ウーク・チョング:「韓国三部作」、それは言うなれば、日本、韓国での私のあらゆる体験とケベックが私にくれた遺産の総括です。結局のところ、ここには私の交雑したアイデンティティがかなり垣間見られます。もしこの本を書かなければ、私の作家としての取り組みが何か不完全燃焼で終わっていたでしょう。でもこの本のなかで、今まで言いたかったことの本質を提示したという感はあります。ですから、一休みすることができるのです。私は職業的な物書きになる積りはありませんでした。朝の9時に仕事机に向かいませんし、午後の5時には仕事を終えるでしょう。慣例的に書き物をするのではなく、むしろその反対で、過去の経験から脱出する必要があったのです。「韓国三部作」を書いてそこから抜け出せました。ですから、今後、たとえ本を出さなくなったとしても、正しかったのです。今まで言わなければならなかったことを、私は言ったという感があるからです。
 
フラン・パルレ:では、その作品は終着点のようなものですか?
ウーク・チョング:文学創造には矛盾したところがあります。ある作家がいまして、彼はとても人気があって、名前はダニー・ラフェリエールと言います。私とは個人的な知り合いではなく、数度出会っただけです。その彼と私の間に、ニコラ・リバンという共通の友人がいまして、ニコラ・リバンは、出版社Le serpent à plumesで、ダニー・ラフェリエールの宣伝マンのようなことをしていました。彼曰く、ダニー・ラフェリエールは、作家活動の開始に当たって、書くべき作品のリストを自分に課しましたが、彼が本格的な著作を書き始めたのは、最初に計画したその作品リストを全て書き終えた後からだったそうです。

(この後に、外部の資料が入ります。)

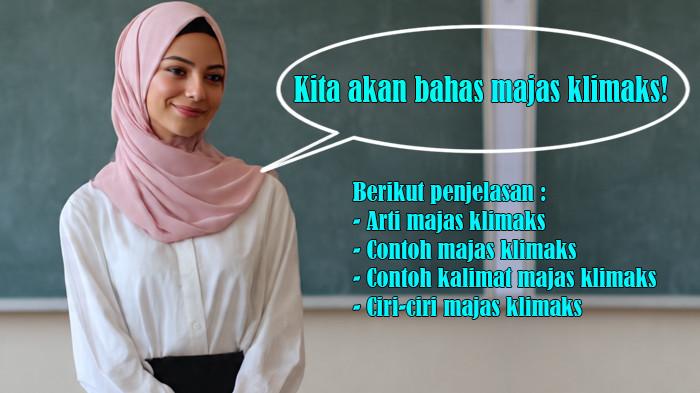 Arti Majas Klimaks, Contoh Majas Klimaks, Contoh Kalimat Majas Klimaks dan Ciri-ciri Majas Klimaks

全てを語ったと彼が感じた段階に到達したからなのです。創作活動はどう展開するのか判りません。終わったと思ったら、新しいサイクルが始まり、そんな風にして続いていくのでしょう。
 

フラン・パルレ:貴方のお考えでは、とりわけ「韓国三部作」は、日本語、韓国語の翻訳作品として、読者に受け入れられると思われますか?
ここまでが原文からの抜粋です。